En octobre dernier, dans le cadre du Festival Lumière, les lyonnais avaient eu le privilège d'assister à un évènement exceptionnel à la Halle Tony Garnier avec la projection du film, aujourd'hui
devenu culte, LA PORTE DU PARADIS dans sa version restaurée et originale ( 3h39 au lieu des 2h30 au moment de sa sortie).

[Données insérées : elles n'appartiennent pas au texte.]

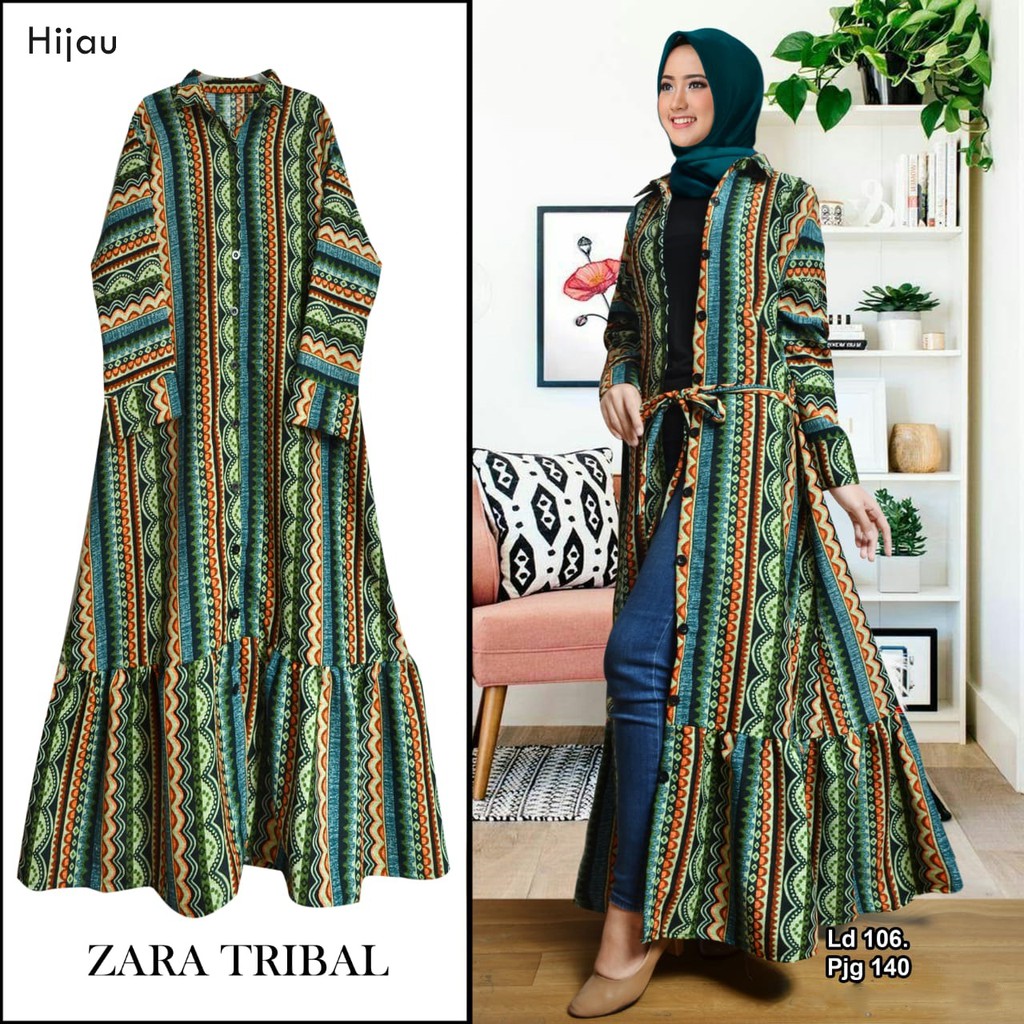 Arnis Zara Tribal Outer Luaran Kardigan Gamis Busui Friendly / COD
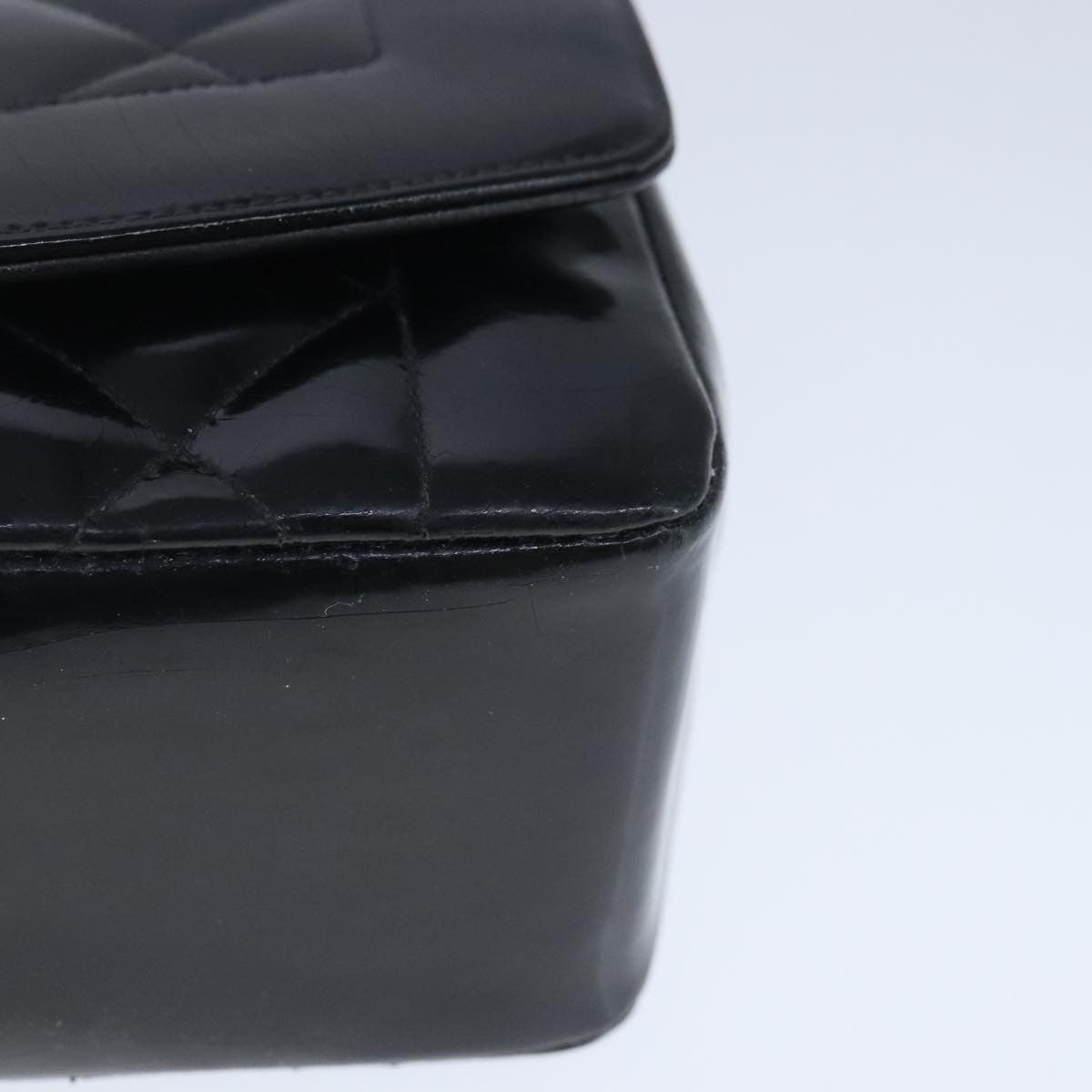 Chanel Vintage So Black Diana Flap Bag Quilted Patent Black Patent_Leather Shoulder Bag Bag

Autre chose exceptionnelle, c'est en la présence de son réalisateur, Michael Cimino, et de son actrice Isabelle Huppert que s'est déroulé cette séance.
Ceux qui étaient présents ( ils étaient 5000 en ce dimanche d'octobre) se souviennent encore, de ce moment d'émotion, celui d'un Michael Cimino, ému jusqu´aux larmes et apparemment extrêmement
touché par l'accueil chaleureux des lyonnais fait à son film 33 ans après sa sortie.
Ce dimanche-là, Telle une renaissance et comme pour conjurer le mauvais sort et le passé ( celui d'un film maudit au moment de sa sortie, lapidé par la critique et un échec cuisant au box
office), c'était un peu comme si Thierry Frémaux et les 5 000 spectateurs présents lui remettaient les clés d'Hollywood.
La venue de Michael Cimino à Lyon est resté l'un des moments forts du Festival Lumière 2012.
A peine remis de ce pure moment de cinema, l'Institut Lumière a annoncé le retour de Cimino à Lyon, dans le cadre de la première rétrospective intégrale de son œuvre.
4 mois après son inoubliable clôture du Festival et comme pour le remercier de son accueil, Michael Cimino est revenu à Lyon, le 20 Février, rencontrer à nouveau son public.
Un public au rendez-vous puisque les billets se sont envolés en l'espace de quelques heures seulement!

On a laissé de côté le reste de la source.